//Write a C++ program to determine and print the sum of the series ( 1/6 + 1/10 + 1/14 + … + 1/(2*(2*n+1)) )for a given value of n. The value of n should be given interactively through the terminal. (Note: You will only get credit if you use a loop!)

so i have to find the sum and i have tried it for a while and i cant get it. im using this code and it works good if the series was (6+10+14+...+(2*(2*n+1)) ), but as soon as i try to put "1/(2*(2*n+1)) " i get a zero as the answer. i know its something simple since we are not that advanced in class but i still cant find it. thank you very much for any help.

#include <iostream>
#include <cmath>
using namespace std;
int main( void )

int iCount = 0, iMax = 0;
float iAns = 0;

cout << "Enter a positive integer for n:" << endl;
cin >> iMax;

for( iCount=1; iCount <= iMax; iCount++ )
iAns = iAns + 2*((iCount*2)+1) ; // the 2*((iCount*2)+1) works if the series was (6+10+14+...), and as soon as i put a 1/ in front of it instead of giving me the right answer it gives me 0.
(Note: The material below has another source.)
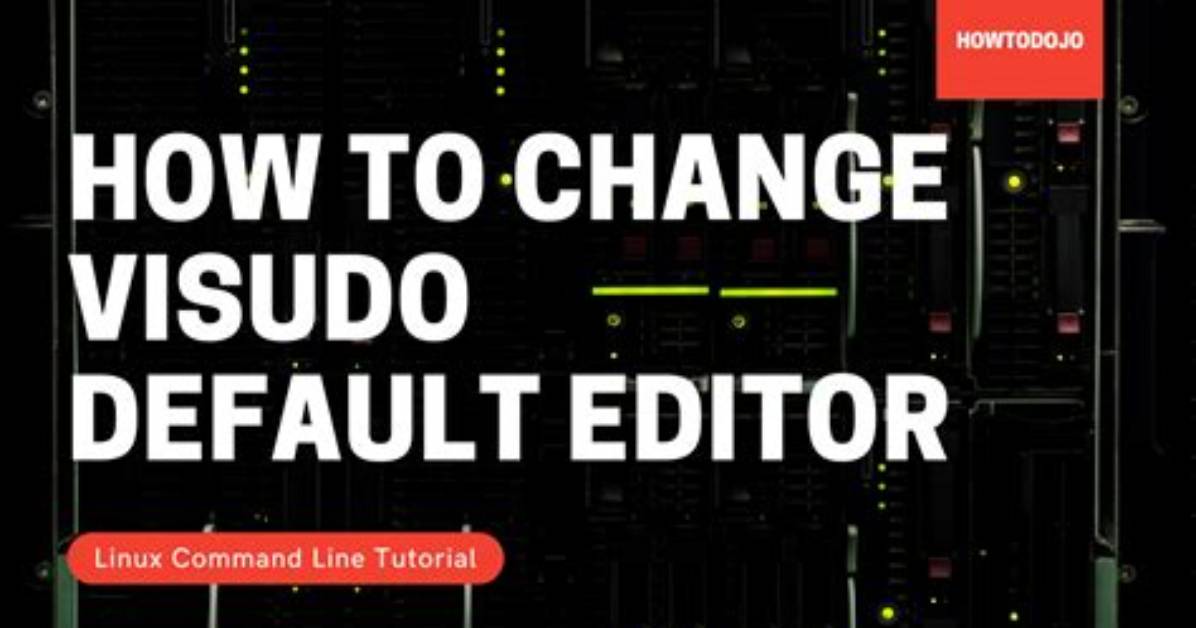 Change the Default Editor When Sudo Visudo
cout << "The sum of this series is: " << iAns << endl;

return 1;

I'd suggest printing the sum at each iteration of the loop to see what is happening. If you can't get it, post code without any user input that produces a result that you are not expecting.

You have made the classic error, that always seems to trip up beginners: That is if you use integers, then you get integer arithmetic :

Consider this code:

std::cout<<"1/4 == "<<1/4<<std::endl;

That will print the unexpected value: 0. That is because 1 and 4 are both integers and fractions cannot be represented in an integer value, therefore they are truncated.

In you code you sum up the result into a float. This does not help:

float F=1/4; 
std::cout<<"Look f is still 0 == "<<F<<std::endl;

That is because the division is done before the conversion type is examined.

However, this is different:

float F=1.0/4;

Since 1.0 is a double and the integer is converted into the double.

So in short use 1.0 instead of 1.

The way you are doing it says int/int*(int*int)+int you want everything multiplied to be a float otherwise it converts it to an int.

1/2 gives the answer 0 because integers do not have decimals.
1.0/2.0 gives the answer 0.5 because doubles/floats do have decimals.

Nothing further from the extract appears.